MATERIAL PROVIDED >>
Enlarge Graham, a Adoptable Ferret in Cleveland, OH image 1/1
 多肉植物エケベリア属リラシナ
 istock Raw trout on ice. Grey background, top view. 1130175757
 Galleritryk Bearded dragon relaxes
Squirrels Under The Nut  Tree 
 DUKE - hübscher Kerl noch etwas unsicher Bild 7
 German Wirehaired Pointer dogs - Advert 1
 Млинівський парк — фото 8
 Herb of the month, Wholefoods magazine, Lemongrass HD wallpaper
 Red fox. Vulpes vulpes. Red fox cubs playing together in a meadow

...

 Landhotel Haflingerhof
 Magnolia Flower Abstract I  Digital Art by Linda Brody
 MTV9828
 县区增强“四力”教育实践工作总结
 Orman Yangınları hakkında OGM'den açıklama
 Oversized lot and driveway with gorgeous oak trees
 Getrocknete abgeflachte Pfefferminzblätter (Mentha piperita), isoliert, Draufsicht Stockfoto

---

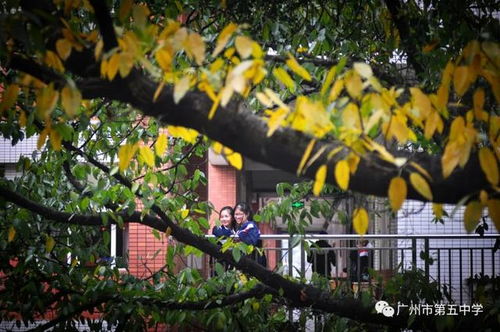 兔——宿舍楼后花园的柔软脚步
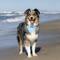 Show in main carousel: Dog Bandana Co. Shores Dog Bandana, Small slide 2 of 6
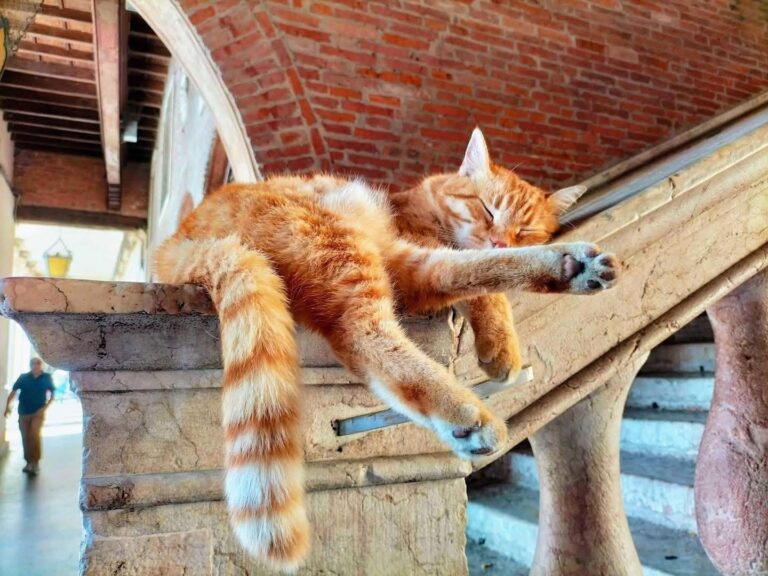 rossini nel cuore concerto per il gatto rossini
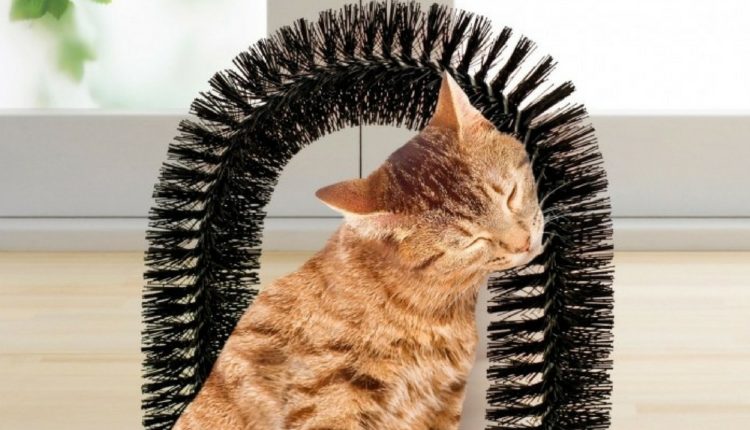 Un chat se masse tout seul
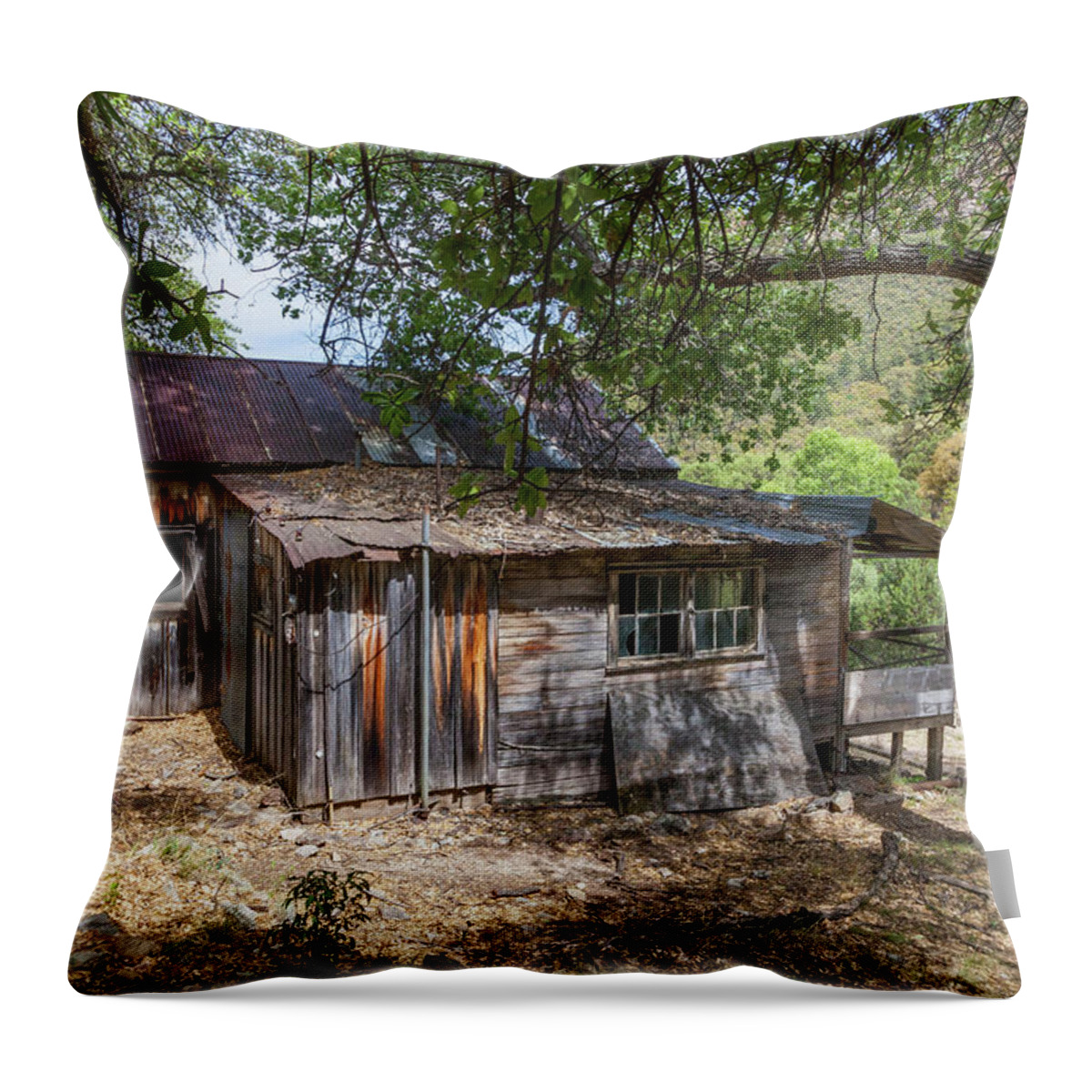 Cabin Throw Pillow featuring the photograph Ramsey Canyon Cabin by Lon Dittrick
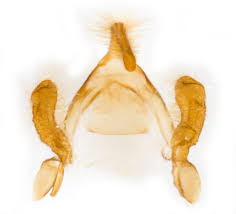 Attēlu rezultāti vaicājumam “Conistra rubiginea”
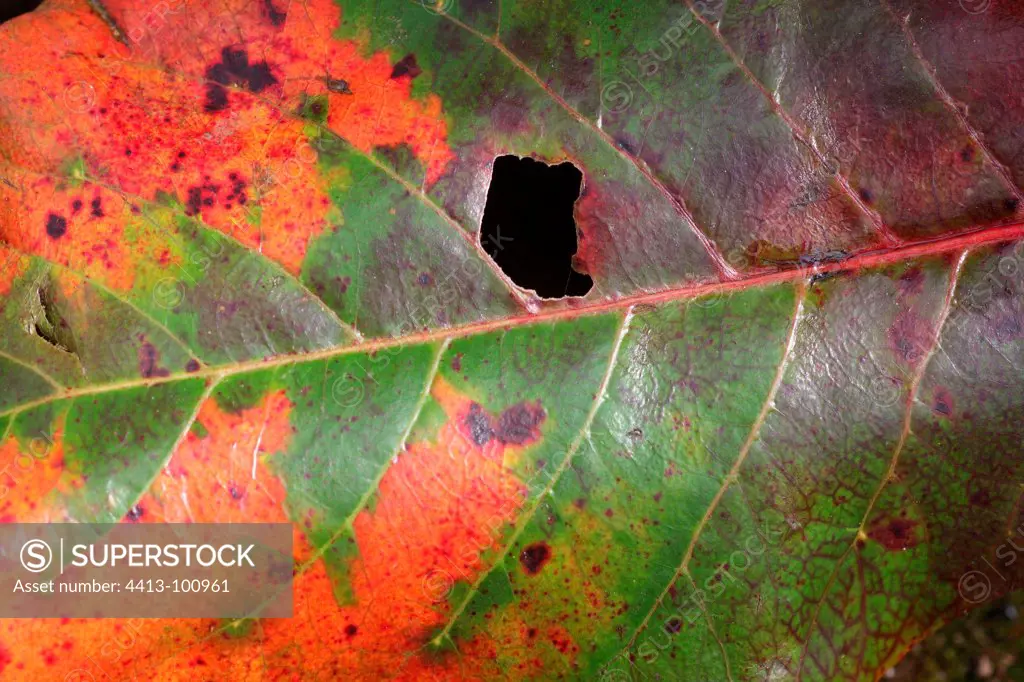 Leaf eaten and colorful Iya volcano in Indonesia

PROBLEM STATEMENT >>
In the data above, find the line with "Herb of the" and the line with "Red fox. Vulpes". Retype both, plus every line between them, exactly.

THE ANSWER >>
 Herb of the month, Wholefoods magazine, Lemongrass HD wallpaper
 Red fox. Vulpes vulpes. Red fox cubs playing together in a meadow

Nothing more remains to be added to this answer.